Rep. Richard Carlson, R-St. Marys, who has also been at the center of tax negotiations, said the tax cuts will probably only generate modest economic growth in its first year or two. But he said he expects the growth to compound a few years later and produce more jobs as people and businesses retain more of their income.
“I think it has to be a little big of a slow take-off,” he said.
Carlson said that he expects Brownback will like the new proposal and support it instead of a larger tax-cutting bill that is headed toward his desk.

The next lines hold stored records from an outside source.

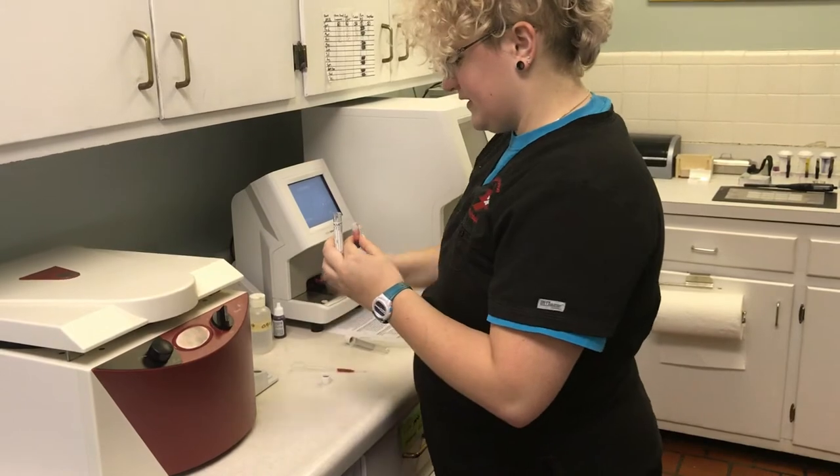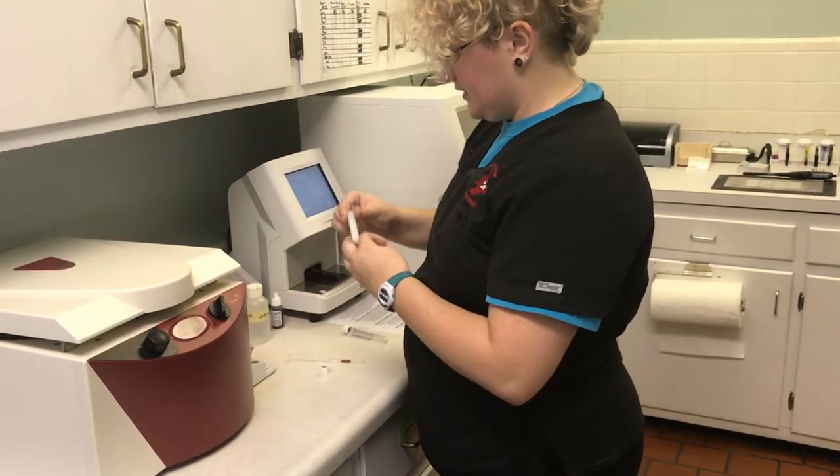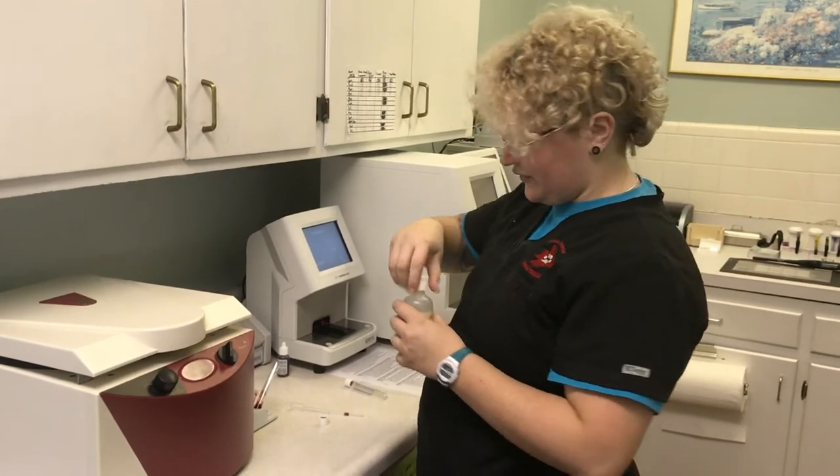Alright, then I'm going to pull 9 mL of saline and add it to my centrifuge tube.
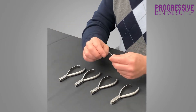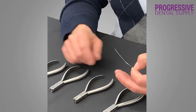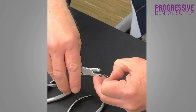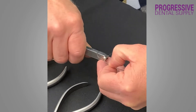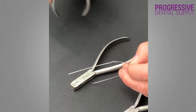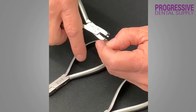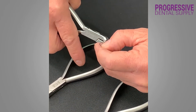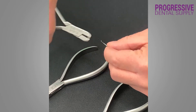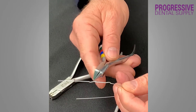I made sure that these pliers could be used to bend any of these wires. Here I have a piece of 18x25 heat-activated arch wire, and on this wire I can make any bend I want. This plier I'm going to show you right now is what we call the Z-bend plier, where both marginal ridges move. I just place the arch wire and give the plier a full squeeze, and here you have that Z-bend.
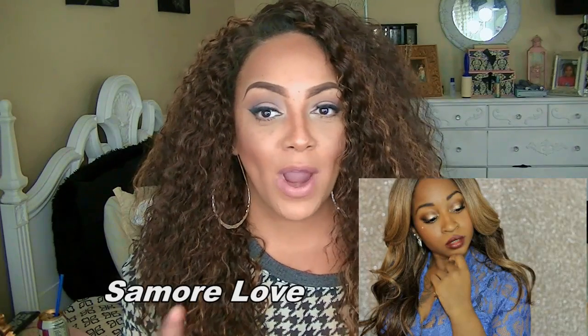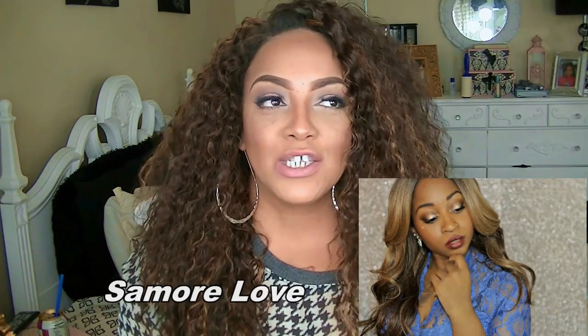I decided to collab with my girl Simole Love, who I will post her YouTube channel below. She is very well known, and her and I have been real friends for a minute on YouTube. We decided to do a collaboration for the Christmas holiday, and what better way than with an inexpensive wig. This is just my version of holiday hair because I love big hair, and the color is so pretty especially for winter.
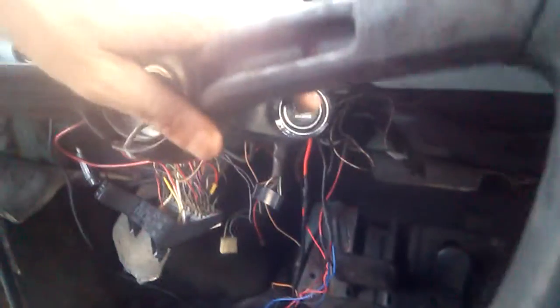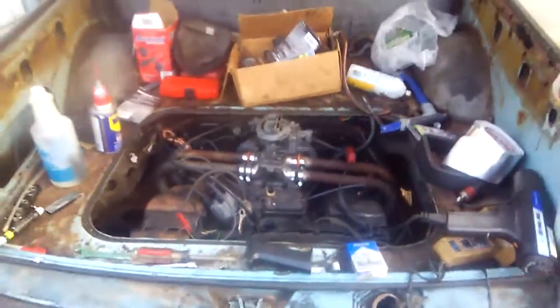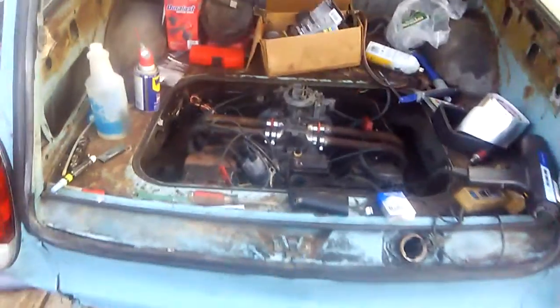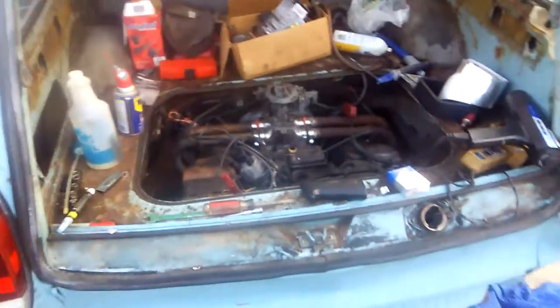Type 4 and a Type 3. I've got some carburetor on it now — hopefully soon some short stack and dual carbs.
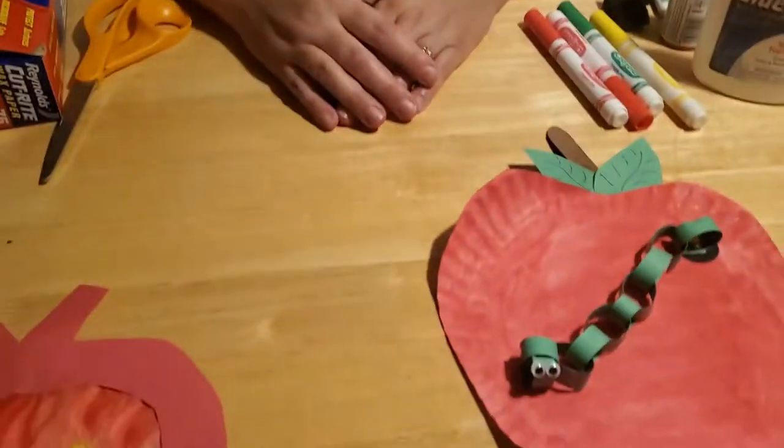Hey everybody! Welcome back to another Craft Time with Ms. Corey. I was thinking that maybe I had to show you guys how to make that yummy apple crisp, but that might be a little complicated for kids your age. If you want to help your parents in the kitchen, just make sure mom and dad are around to help. I thought maybe we should stick with glue, scissors, paint, and all kinds of gooey stuff. So I came up with two different apple crafts to go with our story today.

That plan started as Brownback’s initial tax cut proposal. But senators altered the plan to retain popular tax credits and deductions Brownback had planned to eliminate to help reduce the impact of tax cuts.
The Senate voted the plan down in a 20-20 vote, but nine senators changed their votes in order to allow for negotiations with the House after Brownback pressured them.
When the House heard the Senate wouldn’t approve an alternative tax bill negotiated by a six-member panel of lawmakers, conservatives in the House pushed the massive tax cut through, sending it to the governor and enraging senators and Democrats.
That plan, which is expected to reach Brownback’s desk in coming days, would eliminate taxes on most businesses in its first year and drop individual income tax rates to 3 percent and 4.9 percent. It was projected to produce a budget deficit of more than $2 billion by 2018.
Many lawmakers have called that bill irresponsible. But Brownback said he thinks it could produce thousands of new jobs and, paired with reduced spending, the bill could work.
In a statement issued after lawmakers agreed on the new plan, Brownback said that the proposal “gets Kansas on the path to a pro-growth tax policy that will grow the economy and create jobs. Both chambers should approve the compromise bill and send it to me.”
“Otherwise, I have received Senate Sub for HB 2117 and will sign it,” he continued. “Kansans will have a pro-growth tax cut this year.”